I also like to have two distinct sections in my log: Main Spending and U.Va. Spending. The Main Spending column is for “real money” purchases – ones I make using cash, a gift card, or my debit card. U.Va. Spending makes up purchases I make using Plus Dollars (a form of U.Va. Dining currency) and Cavalier Advantage (another form of U.Va.- specific currency I usually only use for laundry and printing in the libraries). I’m sure it would work just as well to have one column for all spending; this is just what suits my spending habits best. I like to have a handful of sub columns as well: the date of a purchase, how much I spent, my spending method, and what I bought. This way, I can ensure that I don’t spend my entire monthly budget in a week, that I don’t get too swipe-happy with my debit card, and that I’m not getting Littlejohn’s every day. I also round up my purchases to the next dollar, because I find that if I get too caught up in transcribing every last cent, I’m less likely to transcribe it at all.
If you can get through one solid semester of tracking your spending and seeing how much you tend to spend on food, books, clothes, and entertainment, then you can begin creating a real budget. I can only suggest what’s worked for me in the past, but I recommend looking at your savings and deciding how much you (and/or your parents) feel comfortable spending over a period of four years – enough so that you can go out to eat with friends once in a while, but not so much that you accidentally reenact all six seasons of Sex and the City. Make sure you factor in your first semester spending log as well – is your savings estimate reasonable? If you study in an urban area with a lot of restaurants and shops, you might find that your savings estimate is too high, and if you study in the middle of nowhere, you might find that it’s too low.
Once you have a realistic number, divide that by the number of semesters you have left to study. If you like, divide it by the number of weeks per semester. This way, you’ll have solid number of dollars per week you feel comfortable spending that you can easily reference. Tweak your budget whenever any significant financial change comes about – you get a job at the university bookstore, quit your job at the local coffee shop, or have to pay for a history tutor – and remember to always, always be honest with yourself. Saying “I can get by on five dollars a week,” is much easier said in theory than done in practice, and lying to yourself abut your spending habits when crafting your budget won’t help you become financially savvy. Protip for gauging the realism of your budget: if you categorize it as “aspirational,” you might want to stake a second look at it.
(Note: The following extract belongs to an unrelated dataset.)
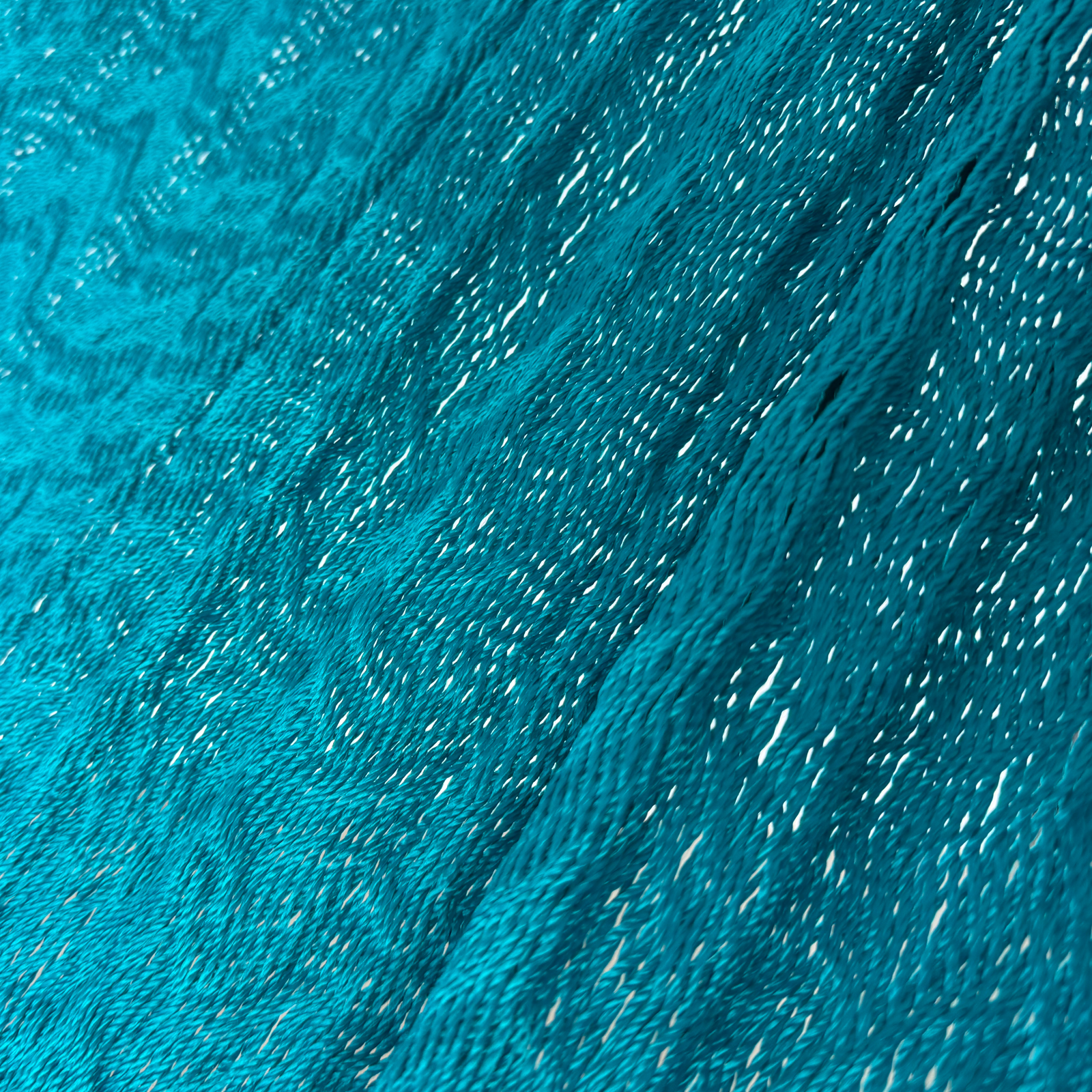 Detalle del tejido de nylon hilo 18 de la hamaca Yucateca artesanal azul petróleo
A final word of advice: don’t be embarrassed if you’re not a financial god or goddess right when you start your college career. We all have to learn the ins and outs of personal finance sometime, and for a lot of people, that time doesn’t come until you’re finally on your own at college. If you screw up a check, forget your debit card PIN, or go over budget once in blue moon, relax. As long as you don’t bet your entire savings on U.Va.’s football team ever winning a game of significance, you’ll be perfectly fine.